This article is also available at my LinkedIn page.
Generally, I am of the belief that as production is being curtailed in America and globally, eventually the market slack will tighten and the demand will begin to outpace the speed with which producers can get certain wells online. To be sure, there are many DUCs in various shale plays ready to roll (drilled but uncompleted wells), but I still believe that the oil and gas “illiterati” is failing to account for production curves – the sharp decline in a horizontal well’s rate of production after a few years. Yes, the costs are sunk once a well is drilled, but the notion that these shale wells will maintain their early pace in perpetuity is misguided. But that’s a different topic.
Something I’ve noticed more recently, but which doesn’t seem to be getting a lot of attention at least in terms of those whom I talk to regularly, is the interplay between 1) WTI pricing, and 2) the relative strength of the U.S. Dollar versus other foreign benchmark currencies (China’s yuan, Russia’s ruble, et cetera). The Bank of Japan recently unveiled a negative forward interest rate related to certain instruments, as did the European Central Bank. Meanwhile, the Federal Open Market Committee, the governing arm of our Federal Reserve, attempted to lift off from a zero percent interest rate that has been in place since the “Great Recession” several years ago; however, global financial issues are injecting uncertainty into how strong the global economy actually is, and whether the United States can march upward headstrong without considering the consequences in a globalized world.

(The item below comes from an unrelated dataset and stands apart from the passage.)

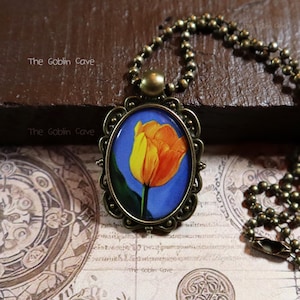 Tulip Necklace, Flower Jewelry, Bronze Pendant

It currently appears that the FOMC will at least be tapping the brakes in 2016 from what it had originally planned in terms of raising interest rates several times. At this point, many market prognosticators seem to land at there being a potential for anywhere between zero to two hikes. Any hikes may weigh against WTI crude oil pricing: since WTI is priced in dollars, and interest rate hikes make a country’s currency stronger relative to other currencies, it would make WTI cheaper in other currencies, thereby reducing the relative sale price of the crude oil in dollar terms. Combine these potential rate hikes here with many institutions charged with managing currencies actually going down to zero percent interest rates, or even negative rates, and that has a multiplicative effect on this headwind.

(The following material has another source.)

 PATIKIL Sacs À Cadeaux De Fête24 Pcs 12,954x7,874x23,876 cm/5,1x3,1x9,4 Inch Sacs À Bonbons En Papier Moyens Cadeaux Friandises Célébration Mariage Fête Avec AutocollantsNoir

Ultimately, I wouldn’t forecast this situation as a great potential weight depressing WTI prices going forward, but it will apply some downward pressure to such prices for as long as this interest rate disparity between the United States and other countries continues. At this point, this is probably more of a footnote to the supply vs. demand issue we are currently working through, but still a worthy topic of discussion to understand how global markets can influence what a barrel of West Texas Intermediate crude oil can sell for.